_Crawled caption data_
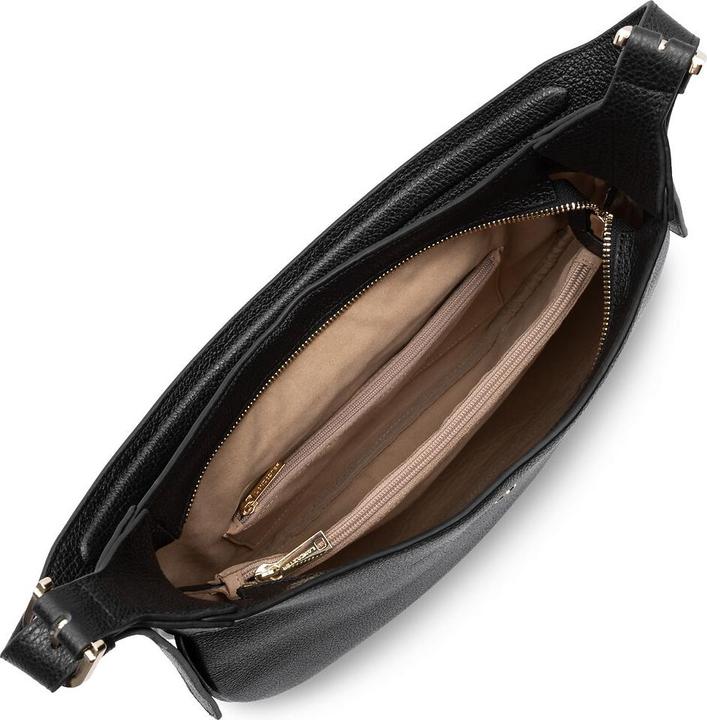 Image du produit Lancaster Umhängetasche DUNE GAIA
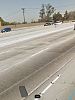 Can a new car with new tire slip? (Not in the Snow)-img_0764.png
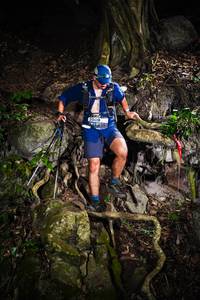 BIB: 
                            <button type="button" onclick="openModal(18583359)" class="btn btn-primary btn-sm float-right btn-popup" data-toggle="modal" data-target=".modal-high-quality">
                        <i class="fas fa-shopping-cart"></i> Add to Cart
                    </button>
                                            <button type="button" onclick="isThisMe(18583359, true)" class="btn btn-success btn-sm float-right btn-popup btn-isme hidden" data-toggle="tooltip" data-placement="bottom" title="นี่คือรูปของคุณใช่ไหม คลิกที่นี่เพื่อเอาเข้าอัลบั้ม">
                        <i class="fas fa-plus"></i> Add to album
                    </button>
                    <button type="button" onclick="isThisMe(18583359, false)" class="btn btn-warning btn-sm float-right btn-popup btn-isnotme hidden">
                        <i class="fas fa-ban"></i> Remove from album
                    </button>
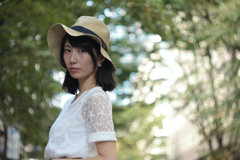 涼子 dlght20180908_d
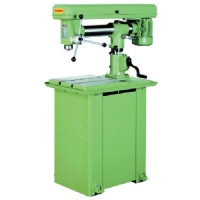 （株）紀和工販 FB-450A 紀和　卓上ボール盤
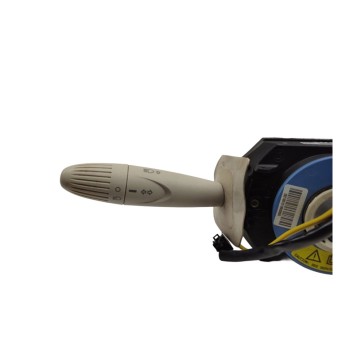 Recambio de mando multifuncion para fiat nuova 500 (150) lounge referencia OEM IAM 07356283580  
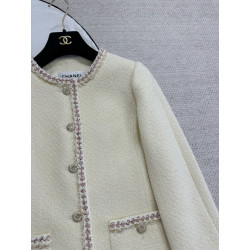 샤넬 高端 36 38 40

_WORK ITEM_
Please repeat each record above precisely, with the pictures left out.

_OUTPUT OF THE EXERCISE_
 Image du produit Lancaster Umhängetasche DUNE GAIA
 Can a new car with new tire slip? (Not in the Snow)-img_0764.png
 BIB: 
                            <button type="button" onclick="openModal(18583359)" class="btn btn-primary btn-sm float-right btn-popup" data-toggle="modal" data-target=".modal-high-quality">
                        <i class="fas fa-shopping-cart"></i> Add to Cart
                    </button>
                                            <button type="button" onclick="isThisMe(18583359, true)" class="btn btn-success btn-sm float-right btn-popup btn-isme hidden" data-toggle="tooltip" data-placement="bottom" title="นี่คือรูปของคุณใช่ไหม คลิกที่นี่เพื่อเอาเข้าอัลบั้ม">
                        <i class="fas fa-plus"></i> Add to album
                    </button>
                    <button type="button" onclick="isThisMe(18583359, false)" class="btn btn-warning btn-sm float-right btn-popup btn-isnotme hidden">
                        <i class="fas fa-ban"></i> Remove from album
                    </button>
 涼子 dlght20180908_d
 （株）紀和工販 FB-450A 紀和　卓上ボール盤
 Recambio de mando multifuncion para fiat nuova 500 (150) lounge referencia OEM IAM 07356283580  
 샤넬 高端 36 38 40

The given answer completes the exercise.